We continue to have an Underperform rating on Molina Healthcare, Inc. (MOH) with a price target of $18. 

On Feb 11, 2010 Molina reported disappointing results for the fourth quarter of 2009 as well as fiscal 2009. In the fourth quarter the company suffered a loss of 18 cents per share as against earnings of 55 cents in the year-ago period. The disappointing performance of the company in the quarter was attributable to increased medical care costs, higher utilization and compression of margin related to state budget shortfalls.
 
The company earned $1.19 per share in 2009 as against $2.15 per share in 2008, down approximately 45%. Molina’s profit fell to $30.9 million in fiscal 2009 from $59.6 million in 2008. The decline in profit was attributable to higher operating expenses. 

Total expenses for fiscal 2009 climbed approximately 20.3% to $3.61 billion from approximately $3 billion last year. The increase in medical costs (the primary component of operating expenses) was attributable to the H1N1 influenza and costs associated with recently enrolled members. Annual medical care costs came in at approximately $3.18 billion as against $2.62 billion in 2008, up approximately 21.4%. Furthermore, we are also concerned about the intense competition that Molina is exposed to.
 
Molina, headquartered in Long Beach, California was established by C. David Molina in 1980 as a healthcare service provider to Medicaid patients (low-income families and individuals) in California. Molina Healthcare’s licensed health plan subsidiaries in California, Florida, Michigan, Missouri, New Mexico, Ohio, Texas, Utah, and Washington currently serve approximately 1.45 million members. The company was formerly known as American Family Care, Inc. until it changed its name to Molina Healthcare, Inc. in March 2000. 

Earnings Revisions
 
Trend The below-par showing of Molina was not a surprise since earnings estimates have been steadily going down. In terms of earnings surprises, the company has delivered negative surprises over the last 3 quarters.
 
The average surprise over the last 4 quarters remained negative at 11.45%. This implies that Molina has fallen short of the Zacks Consensus Estimate by 11.45% on an average over the last 4 quarters. The outlook is not very bright for Molina.
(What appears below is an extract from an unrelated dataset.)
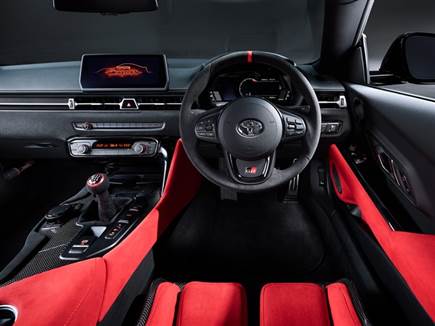 דיפוני אלקנטרה אדומים להעשרת החוויה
Over the last 30 days, 5 of the 8 analysts following the stock for the first quarter of 2010 have lowered earnings estimates while none have moved in the opposite direction. We have seen similar downward earnings estimates revisions for the second quarter of 2010 as well.
 
Furthermore, estimates have been lowered by 3 of the 4 analysts (over the last 30 days) for fiscal 2010 with no upward movements. This significant downward bias justifies our short-term and long-term recommendations on the stock of Strong Sell (Zacks #5 Rank) and Underperform, respectively. Consequently, we advise investors to avoid the stock both in the short-term as well as the long-term.